[AE.Politics] Trump's Labors Lost
Hey, what's up, subscribers? It's been a minute. I've been working on some work-life balance stuff, working on building a daily work routine that I can slot tasks into as needed. I'll talk more about that in a later update or a Twitter thread, in case it's useful to anyone. You'll know it's going well if you get one of these every weekday this week.
Via Mediaite:
https://twitter.com/Mediaite/status/1434178084975091714
Even before he successfully captured the White House for a single ignominious term, Donald Trump had a knack for sharing holiday wishes that weren't exactly in the spirit of the holiday. It's hard to imagine a Republican sharing a sincere Labor Day message, but using the long weekend to dump a shorthand grievance about his own fall from power possibly takes the cake.
Tommy Christopher for Mediaite describes the "statement" (square quotes in the original) as being "cryptic" and looking like a tweet without being one. He plays coy about the obvious implications for a bit...
"The message doesn’t clarify what, exactly, should be fixed about a notoriously hated year, or who should do the fixing, or what should be set aside while the fixing is done."

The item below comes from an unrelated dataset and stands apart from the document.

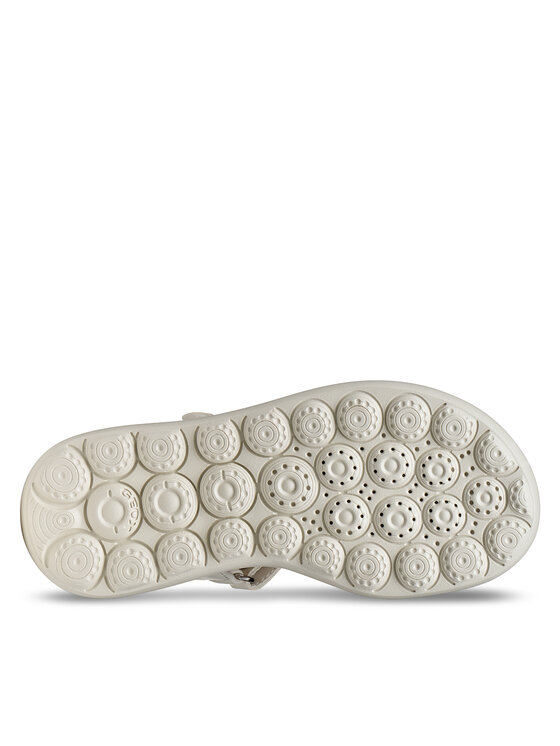 Geox Σανδάλια Geox J Sandal Puffypop Gi J65MSC 05402 C0653 D Λευκό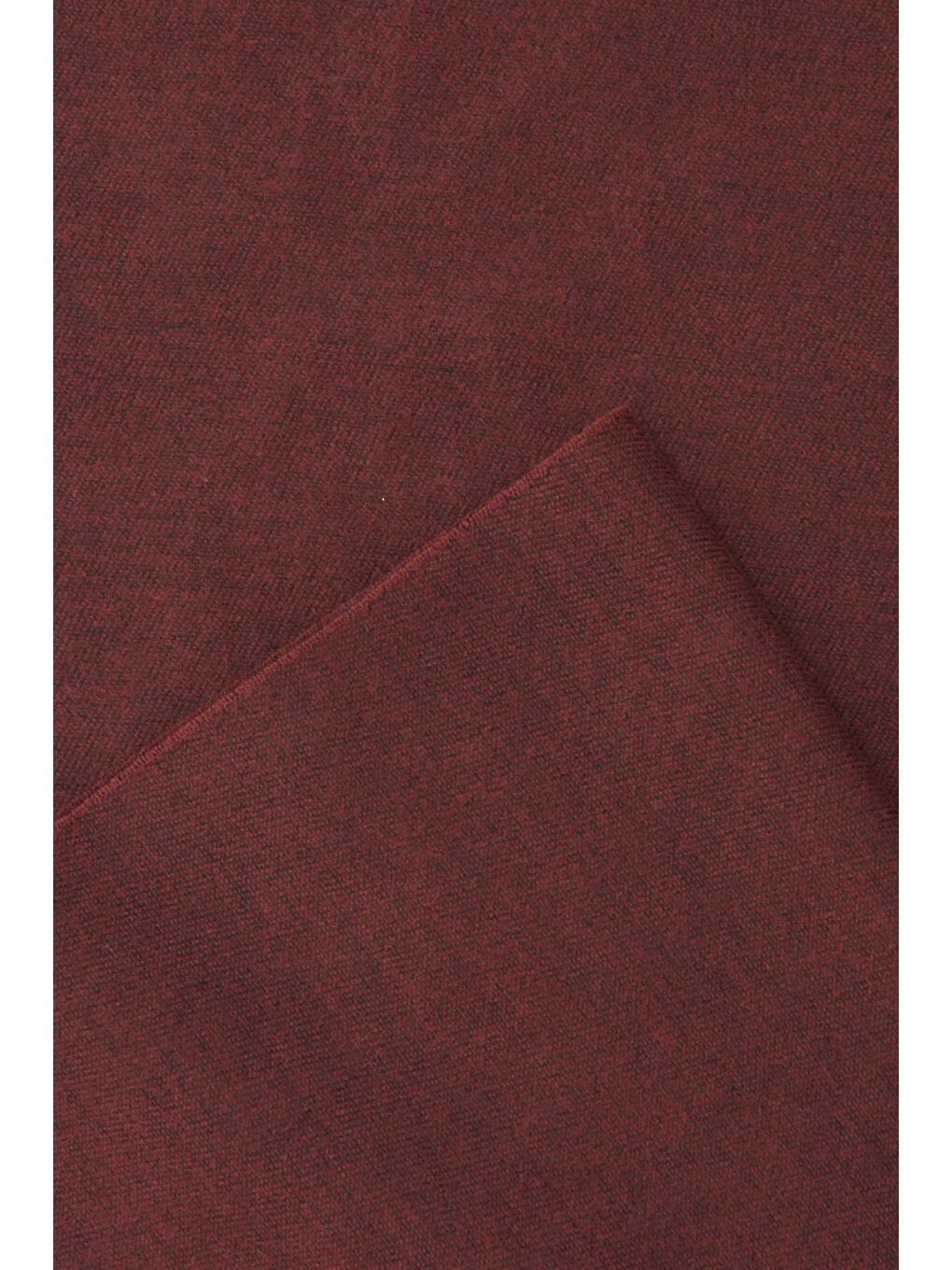 Erkek Bordo Bordo Örme Atkı-1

...before coming clean and admitting that we all know what it's about:
"Those who have followed Trump’s actions since he lost reelection to Joe Biden, incited a violent insurrection, and spent months convinced he would be reinstated to the presidency in August can likely guess that the 'fix' Trump is looking for is of the election that he lost."
Well, yes. The headline on the conservative UK outlet Daily Mail's write-up spells it out right up front: "Donald Trump releases three-word, all-caps Labor Day statement saying ‘FIX 2020 FIRST’ in latest claim that Joe Biden stole his election victory".
It jumps out to me that the headlines on both of these pieces, in ideologically opposed outlets, are both much longer than the statement they're referring to and each of them projects a different lens on them. Mediaite's headline ("Trump Celebrates Labor Day with Bizarre ALL-CAPS 3-Word ‘Statement’ That is Not a Tweet But Looks Like a Tweet") wants to point out how deeply surreal this is, while the Daily Fail eagerly amplifies Trump's intended message up front and throughout even while hedging by not endorsing it or being willing to label his election lies as more than "accusations".
While both the pieces compare the statement to Trump's infamous tweets, and the fact that they do so while also perfectly divining the not-so-hidden message behind a three word slogan that appears to have been made up on the spot tells us much about how Trump was able to use Twitter so effectively before he was banned: even if he doesn't understand the economy, the ever-cheap Trump knows how to be economical with words in ways that defy conventional logic of conversation and public discourse. His tweets and speeches have long been full of this kind of buzzwordy sloganeering.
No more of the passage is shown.